Il valore del lavoro resta comunque indiscutibile e decisamente utile per comprendere appieno il significato che il nome di Billy Joe Shaver è arrivato a rappresentare nel Texas cantautorale.
A questo punto servirebbe la classica ‘frase ad effetto’ nella speranza di chiudere degnamente questo sforzo amatoriale. Preferisco lasciare invece aperto il discorso, nella sincera speranza di un prossimo seguito alla stupenda avventura di un personaggio vero, sìncero, caparbio e profondamente umano quale il grande BILLY JOE SHAVER: long may you run!!

Discografia solista:
Old Five And Dimers Llke Me – Monument KZ 32293 (1973 – LP)
Lately I’ve Been Leanin’ Toward The Blues – MGM (1974 – 45)
It Couldn’t Be Me Without You When l Get My Wings – Capricorn CP 0171 (1976 – LP)
Gypsy Boy – Capricorn CPN 0192 (1977 – LP)
Honky-Tonk Heroes – Bear Family BCD 15775-AH (1994 – CD)
I’m Just An Old Chunk Of Coal – Columbia FC37078 (1981 – LP)
Billy Joe Shaver – Columbia FC 37959 (1982 – LP)
Salt Of The Earth – Columbia FC 40903 (1987 – LP)
Live In Australia – No code available (1989 – TAPE)

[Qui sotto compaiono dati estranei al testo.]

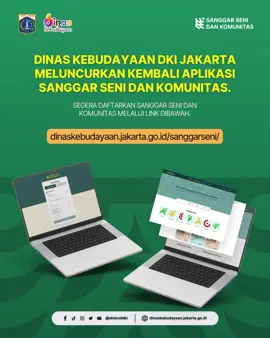 Dinas Kebudayaan Provinsi DKI Jakarta meluncurkan kembali aplikasi resmi Sanggar Seni & Komunitas! Kini semua informasi tentang sanggar seni, komunitas kreatif, dan kegiatan budaya di Jakarta ada di ujung jari kamu. Di aplikasi ini, kamu bisa: • Mengakses data sanggar seni dan komunitas yang terdaftar di Jakarta • Temukan sanggar seni dan komunitas favoritmu • Ikuti perkembangan statisik sanggar seni & komunitas secara real-time Segera daftarkan sanggar seni dan komunitasmu melalui link: dinaskebudayaan.jakarta.go.id/sanggarseni  #DisbudDKI #BudayaJakarta #SanggarSeni #KomunitasKreatif #SeniUntukSemua     
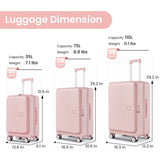 Luggage Sets 3 Piece, Expandable Carry On Luggage with TSA Lock Airline Approved, 100% PC W2098P189947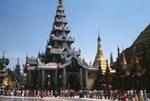 Schwedagan Pagoda - Long Procession, Chedi, Small Gold Pagoda, Rangoon, Burma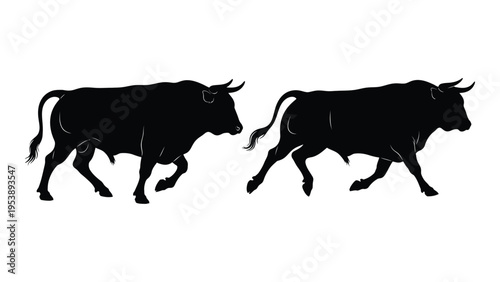 Two black silhouettes of bulls in a dynamic forward moving pose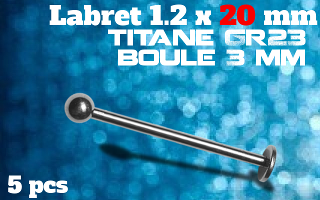 lot de 5 labret 1.2 x 20mm - boule 3mm - titane - immplantable -
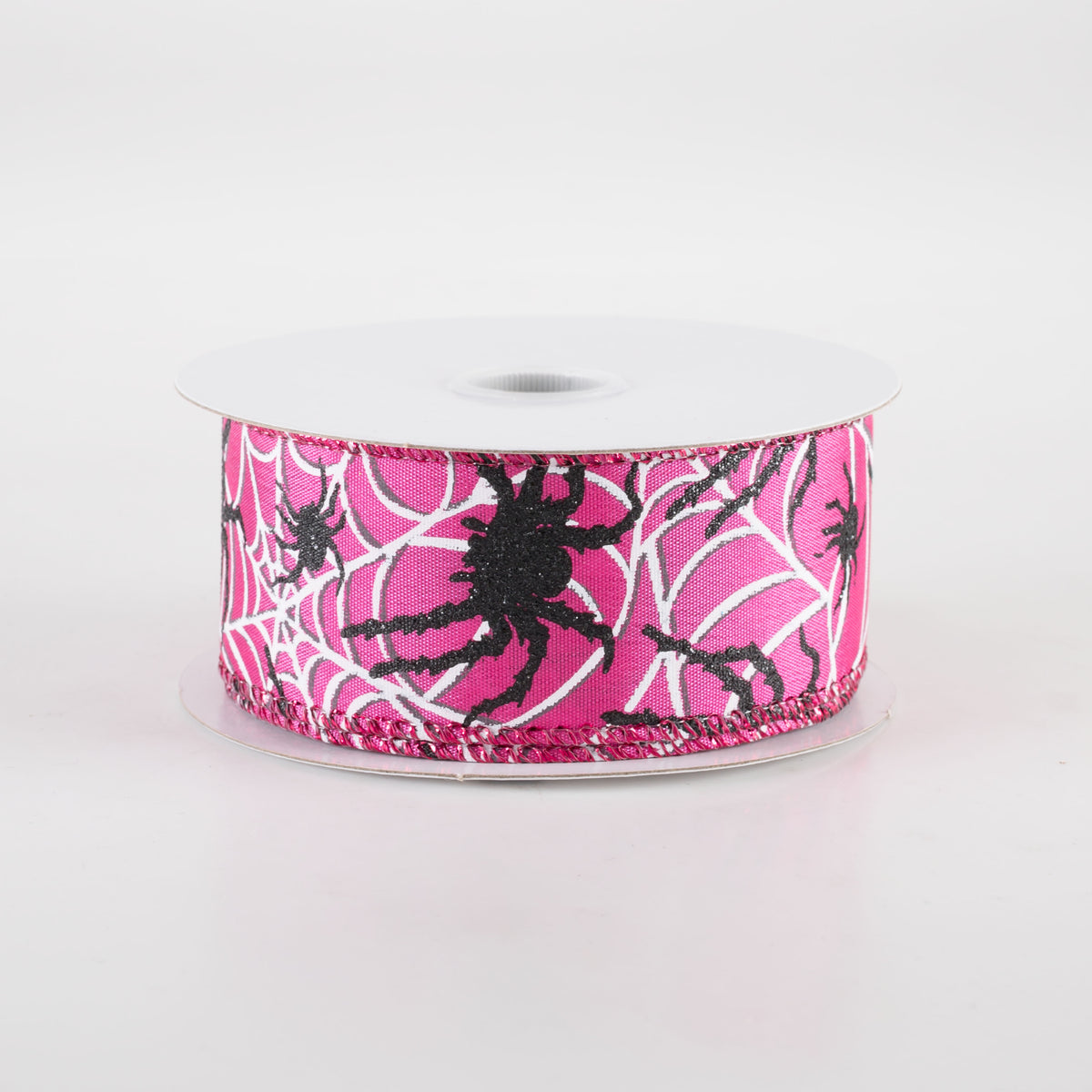 1.5" Spider & White Spiderwebs Ribbon: Fuchsia Pink (10 Yards) Item Number: 51412-09-28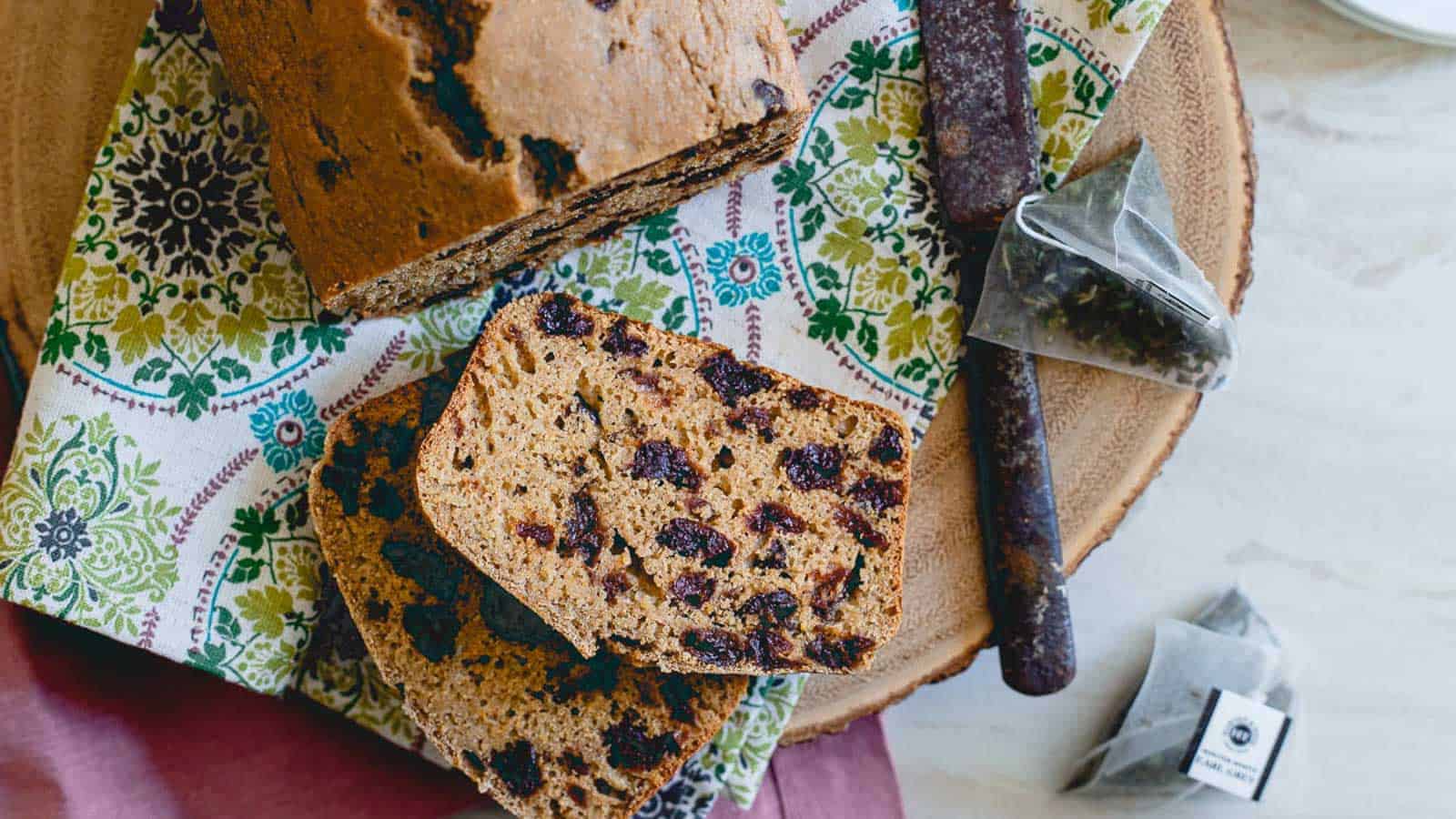 Tart cherry tea bread cut into slices.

Discografia con il figlio Eddy come SHAVER:
Tramp On Your Street Zoo 1 1063 (1993 – CD)
Unshaven: Shaver Live At Smith’s Old Bar – Zoo 11104(1995 – CD)
Highway Of Life – Justice JR 2301 (1996 – CD)
Victory – New West NW6003 (1998 – CD)

Discografia partecipazioni:
Kerrville Folk Festival PSG (1984 – TAPE) esegue I Been To Georgia On A Fast Train
Tulare Dust: Songwriters’ Tribute To Merle Haggard – Hightone HCD 8058 (1994 – CD) esegue Ramblin’ Fever
Texans Live From Mountain Stage – Blue Plate BPM 304 ( 1995 – CD) esegue I Been To Georgia On A Fast Train.